Here's a quote I found:
"However, the Intel CPU dispatcher does not only check which instruction set is supported by the CPU, it also checks the vendor ID string," Fog details, "If the vendor string says 'GenuineIntel' then it uses the optimal code path. If the CPU is not from Intel then, in most cases, it will run the slowest possible version of the code, even if the CPU is fully compatible with a better version."
It turns out that while this is known behaviour, few users of the Intel compiler actually seem to know about it. Intel does not advertise the compiler as being Intel-specific, so the company has no excuse for deliberately crippling performance on non-Intel machines.

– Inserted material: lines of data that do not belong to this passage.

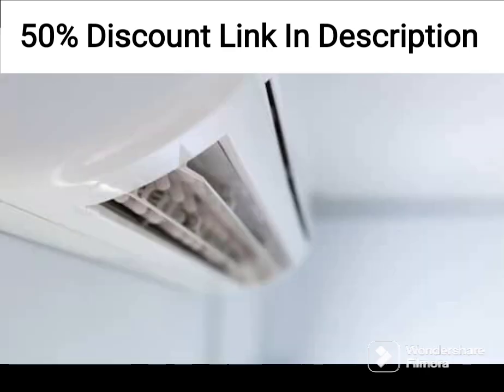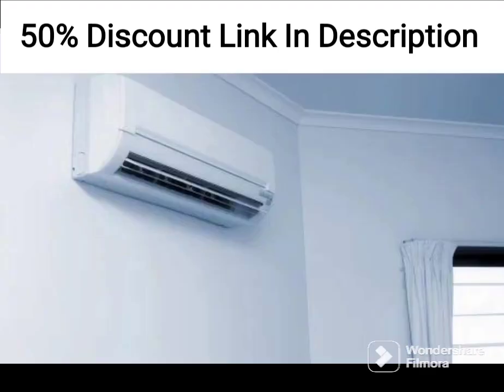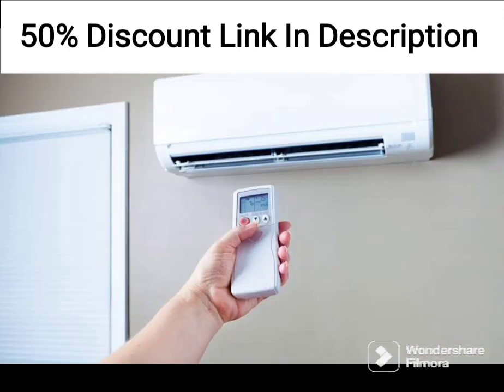Based on these specifications, the Electrolux Air Conditioner seems to have several features that make it a good choice for keeping your home cool and comfortable. The 5 Star Energy Efficiency Rating suggests that it is an energy efficient option, which could help to reduce your energy bills. The Inverter Technology allows the air conditioner to adjust its cooling capacity based on the temperature in the room, which can also help to save energy.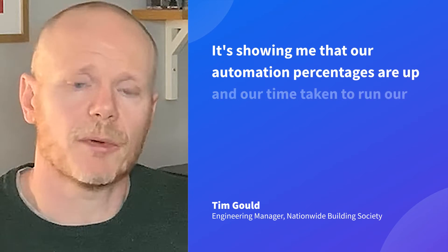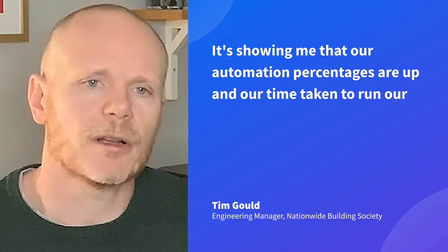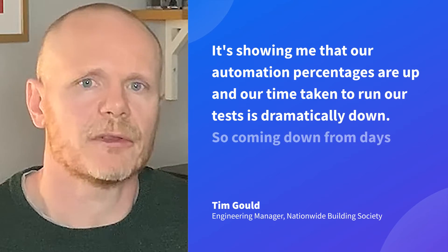We can run a script, pick lots of different devices, and run the same tests against all of them and see the results. I can see on the BrowserStack dashboard every day the builds that are running, what's currently running, what's failed — and that's instantly available to me. It's showing me that our automation percentages are up and our time taken to run our tests is dramatically down.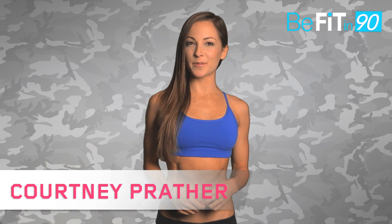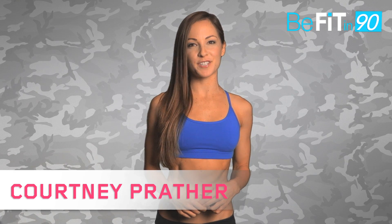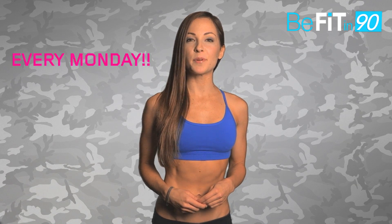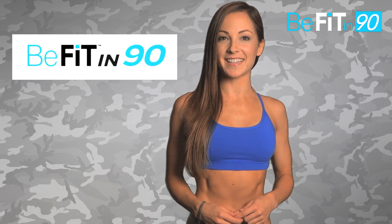It's Monday Bootcampers! I'm Courtney Prather and it's time to get to work with our second week of Bootcamp for 2014. BeFit Bootcamp is designed to guide you through the extensive amount of high intensity, muscle strengthening, and fat burning workouts we have here on BeFit. So remember, every Monday watch BeFit Bootcamp for your 7-day workout plan.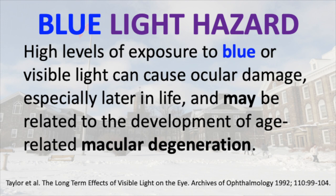I shall be discussing the blue light hazard and its relevance to dentistry, especially with the large amounts of blue light that we're using in our offices every day.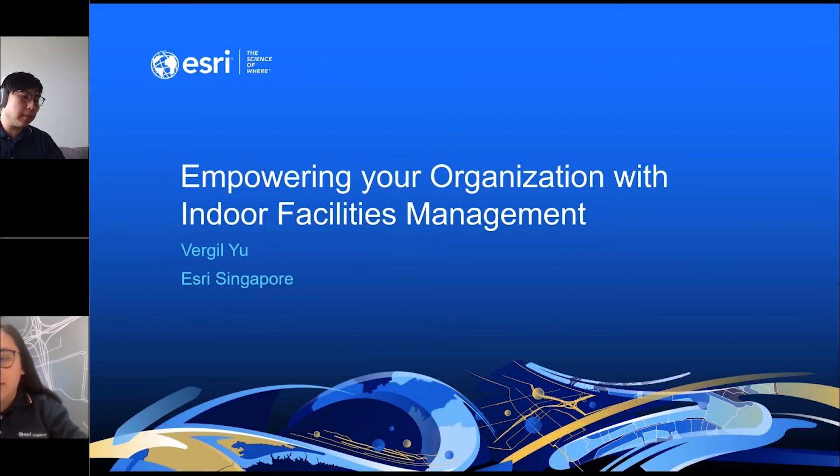Good afternoon, everyone. Hope everyone is staying safe. For this afternoon's GIS Conversations webinar, we will be having Virgil Yu as our speaker, and we will be talking about empowering our organization with Indoor Facilities Management. He is one of our geo-special specialists from the solutions team. Virgil has been actively involved in the design and delivery of GIS-powered location analytics solutions, focused on addressing specific business values in the commercial and corporate landscape.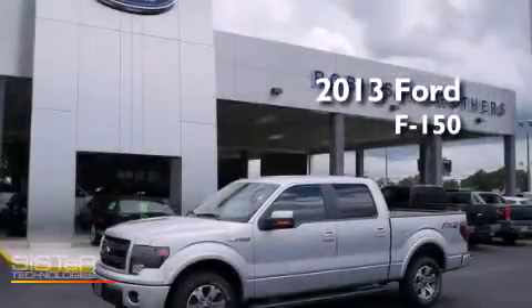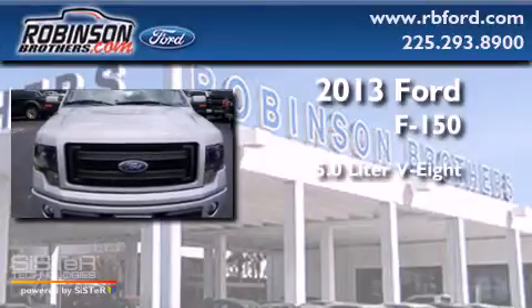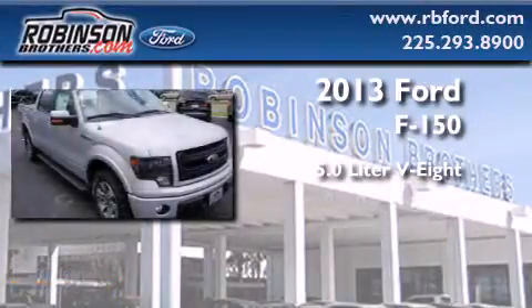This is a brand new 2013 Ford F-150. It features a 5.0-liter, eight-cylinder engine and an automatic transmission.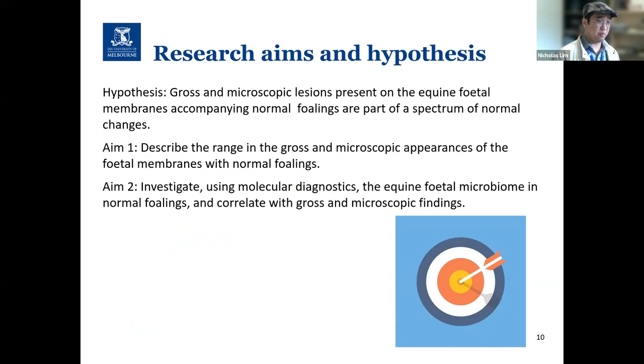This brings us to our research hypothesis and aims. We hypothesize that the gross and microscopic changes present on fetal membranes in normal foalings exist within a spectrum of normal changes. Our first aim is to describe and record any observed gross and microscopic changes of the fetal membranes in normal foalings. Our second aim is to investigate the normal equine fetal microbiome using molecular diagnostics to establish a range of normal flora.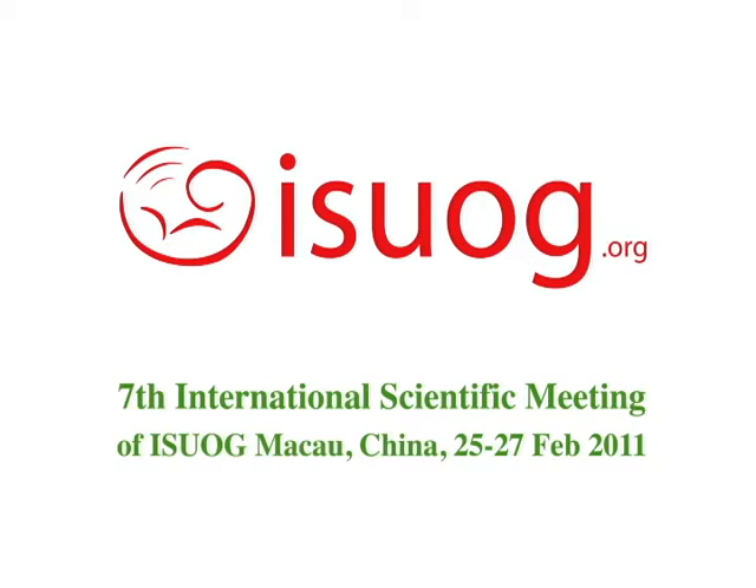Hello, my name is Anne Taber. I'm standing here at the International Scientific Meeting in Macau with Professor Lil Valentin. Lil, I'd like to ask you about the papers you've published from the IOTA group about discrimination between benign and malignant ovarian cysts. Could you tell us about this powerful tool that ultrasound is in the world of gynecology?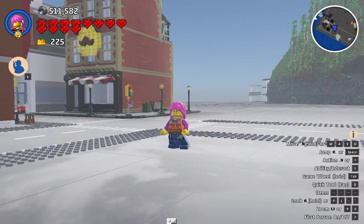Hi guys, and welcome to LEGO Worlds. I did this and I realized I wasn't recording audio, so... I've seen it, but I'll show it off.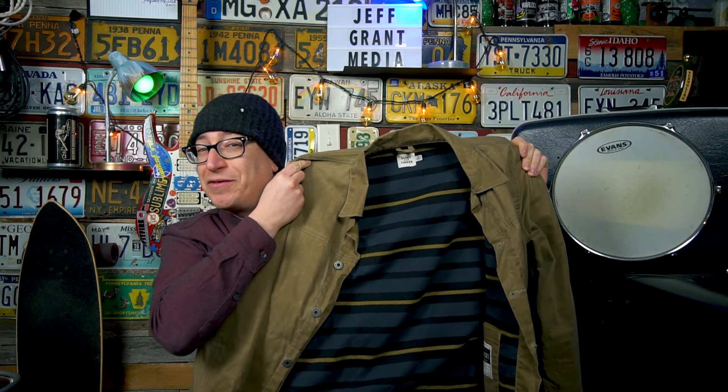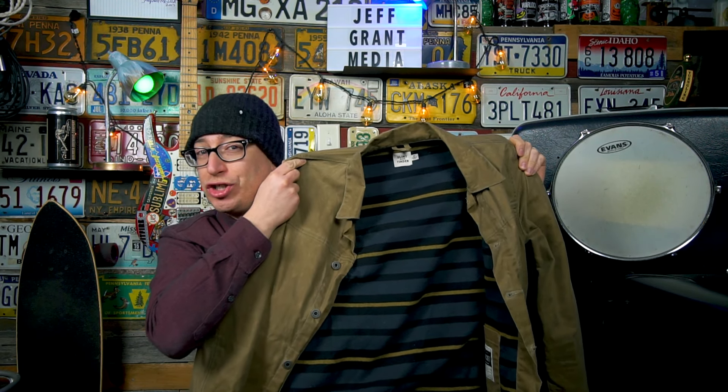Good afternoon everybody, I am Jeff Grant Media. In today's video we're going through the ever-evolving, ever-growing Flint and Tinder wax trucker lineup. I am five foot nine, roughly 175 to 180 pounds, and every one of the jackets I am wearing will be a size medium. All but one of these jackets Huckberry did send me for free — the jacket I paid for is the one that started this partnership, which would be the flannel lined waxed trucker jacket.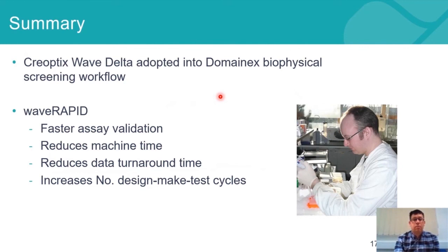There's a reduction in machine use time because we're able to screen much more quickly, and there's a reduction in data turnaround time because the screening is quicker and we're able to turn around data faster to clients. This therefore also increases the number of design-make-test cycles in a much more rapid process.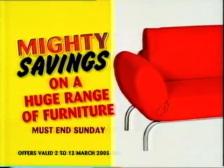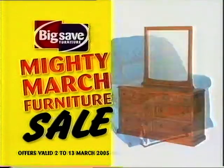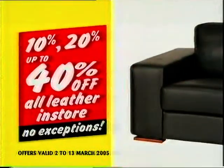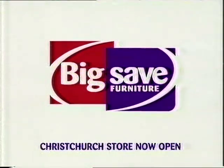Mighty savings on a huge range of furniture must end this Sunday in Big Save's Mighty March Furniture Sale. Don't miss fantastic savings including up to 40% off leather lounge suites and recliners. Big Save's Mighty March Furniture Sale must end Sunday. Time for Big Save.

"Many software developers think that the compiler is compatible with AMD processors, and in fact it is, but unbeknownst to the programmer it puts in a biased CPU dispatcher that chooses an inferior code path whenever it is running on a non-Intel processor," Fog writes, "If programmers knew this fact they would probably use another compiler. Who wants to sell a piece of software that doesn't work well on AMD processors?"
In fact, Fog points out that even benchmarking programs are affected by this, up to a point where benchmark results can differ greatly depending on how a processor identifies itself. Ars found out that by changing the CPUID of a VIA Nano processor to AuthenticAMD you could increase performance in PCMark 2005's memory subsystem test by 10% - changing it to GenuineIntel yields a 47.4% performance improvement! There's more on that here [print version - the regular one won't load for me].
In other words, this is a very serious problem."